** Recorded data **

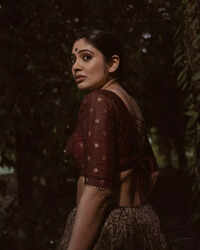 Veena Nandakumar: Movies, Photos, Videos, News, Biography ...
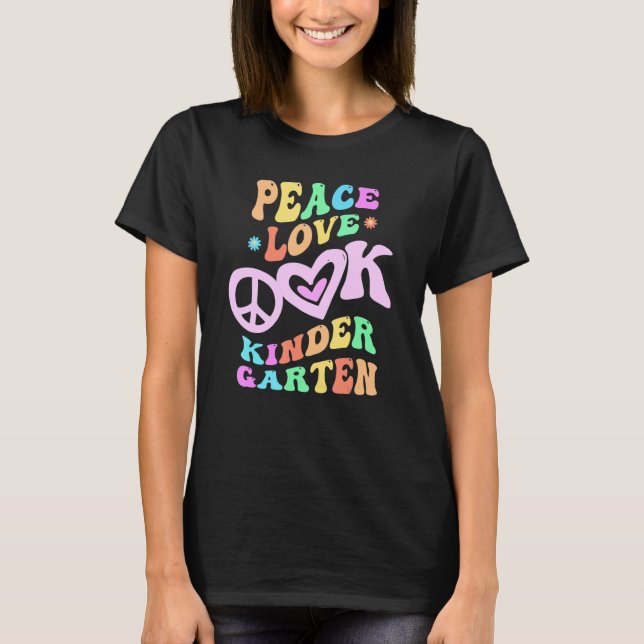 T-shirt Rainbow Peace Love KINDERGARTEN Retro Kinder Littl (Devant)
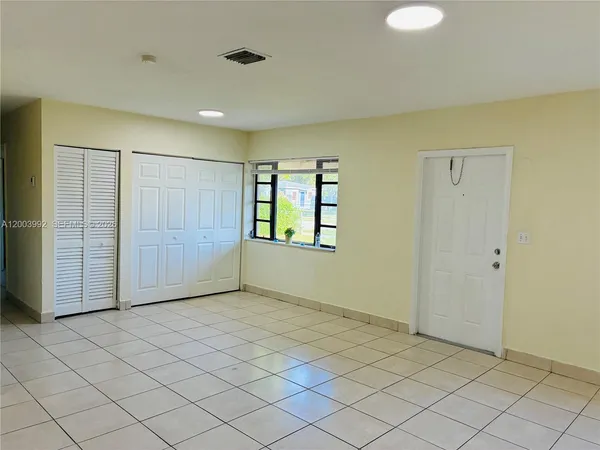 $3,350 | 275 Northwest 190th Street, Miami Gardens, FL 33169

** Work request **
Across the whole listing above, repeat each line exactly and leave out the images.

** Task result **
 Veena Nandakumar: Movies, Photos, Videos, News, Biography ...
 T-shirt Rainbow Peace Love KINDERGARTEN Retro Kinder Littl (Devant)
 $3,350 | 275 Northwest 190th Street, Miami Gardens, FL 33169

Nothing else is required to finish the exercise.